部屋に籠もって、何時間が経っただろう。キルシュはベッドに突っ伏したまま動けずにいた。
夕刻には食事が運ばれてきたが、起きる気力もなく、返事もしなかった為、ワゴンは廊下に置かれたままだ。
(……言っちゃった。もう、巻き戻せない)
寝返りを打って仰向けになると、薄く開けた目に、天蓋の裏がぼんやりと映る。
時刻は既に深夜。屋敷はしんと静まり返り、足音一つ聞こえない。
電灯もつけず真っ暗な部屋の中、暗順応で部屋の輪郭だけがかすかに浮かぶ。目は冴えて、眠気は一向にこなかった。(何も考えない方が良い……)
そう願うのに、頭の中はぐちゃぐちゃに散らかっていた。
イグナーツの不機嫌そうな顔。学院長。皮肉な笑いを浮かべるクラスメイト。耳にこびりつくのは、蔑みの声ばかり。(こんな力、いらない。欲しくなかったよ)

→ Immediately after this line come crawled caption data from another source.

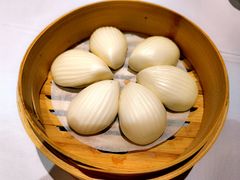 -苏浙汇(朝外店)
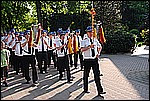 111.jpg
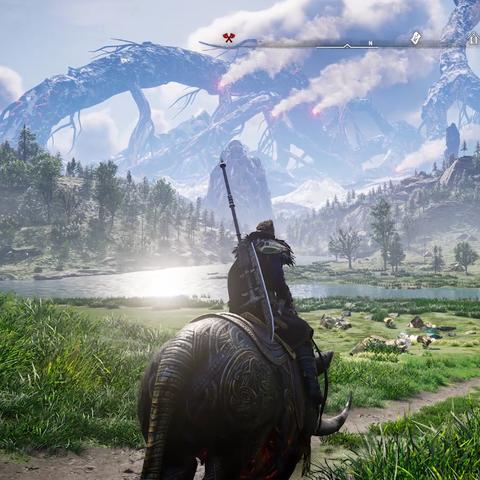 地铁，最后的曙光重制版怎么玩爽？潜行、道德点与配置优化全解析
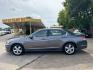 2011 Gray /Gray Honda Accord LX Sedan AT (1HGCP2F31BA) with an 2.4L L4 DOHC 16V engine, 5-Speed Automatic transmission, located at 16710 Clay Rd., Houston, TX, 77084, (281) 859-7900, 29.834864, -95.656166 - Photo#6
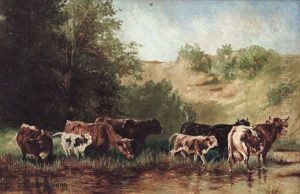 Pascolo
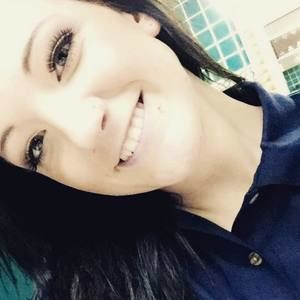 Meet your Posher, Bethany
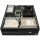 HP EliteDesk 800 G2 SFF Small Form Factor PC i5-6600 CPU 4x 3.30GHz 16GB DDR3 RAM 300GB SATA 2.5 Zoll SSD 3TB SATA 3.5 Zoll HDD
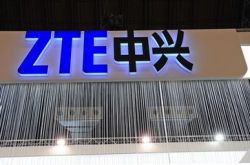 【使用手册】德阳 公司_哔哩哔哩-3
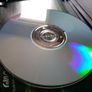 Ntsc edition Enter the matrix PlayStation 2 ps2 games Original Image 8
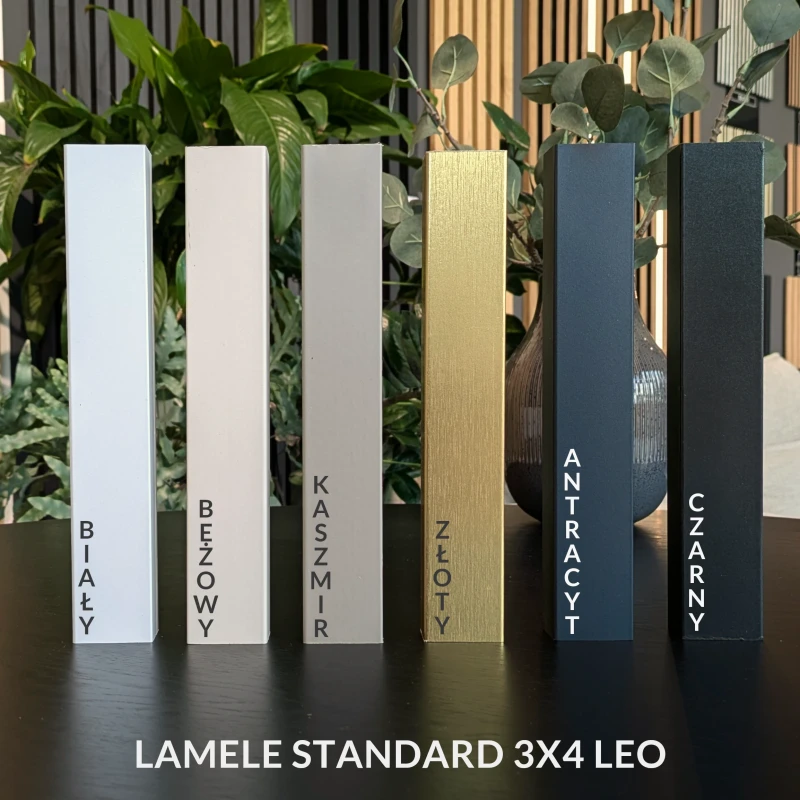 leo lameo próbki standard unikolor.webp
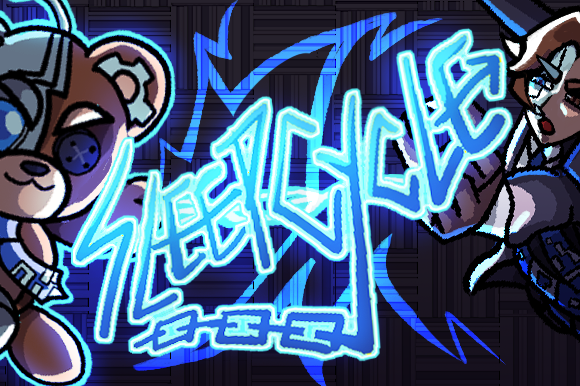,fdjhiuhfg.png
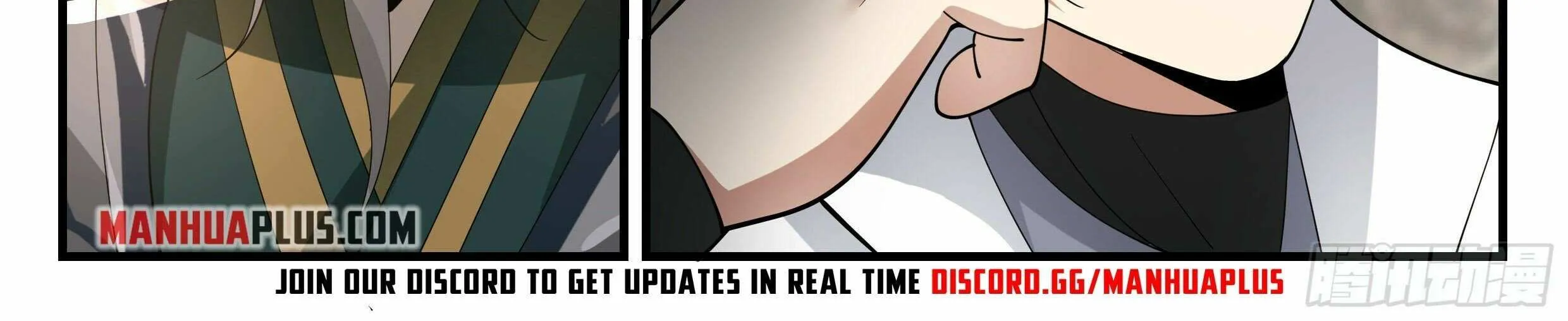 Read Martial Peak chapter 2219 image 30 on Lezhin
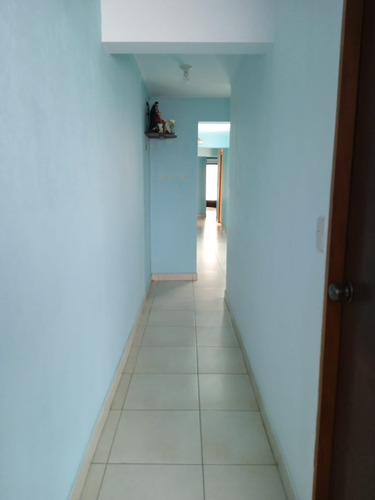 Remato Lindo Dpto En Chorrillos - Imagen 4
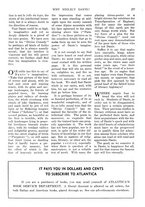 giornale/PUV0127723/1931/unico/00000303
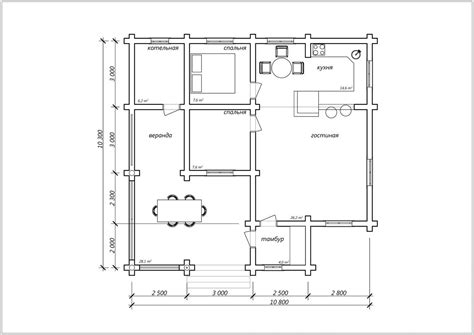 Lukisan Plan Rumah Simple Design Pelan Rumah Banglo 2 Tingkat Koleksi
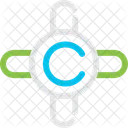 Tap Faucet Water Icon
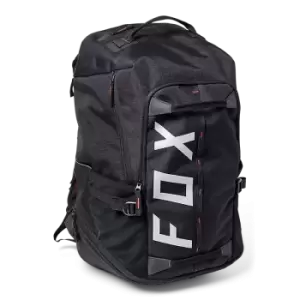 Image of Transition Pack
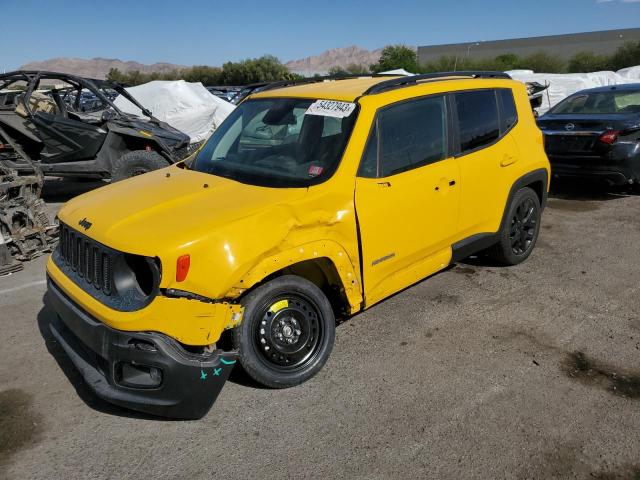 JEEP RENEGADE L 2018 zaccjabb8jph10838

再び涙が滲むと、キルシュの手のひらから蔓が伸び、小さな白花が静かに綻び、そして散った。
好きで能有りに生まれたわけじゃない。
……でも、自分が不幸だとは思わない。むしろ、幸せすぎるくらいだった。最も古い記憶……この屋敷に来た日、義父は優しかった。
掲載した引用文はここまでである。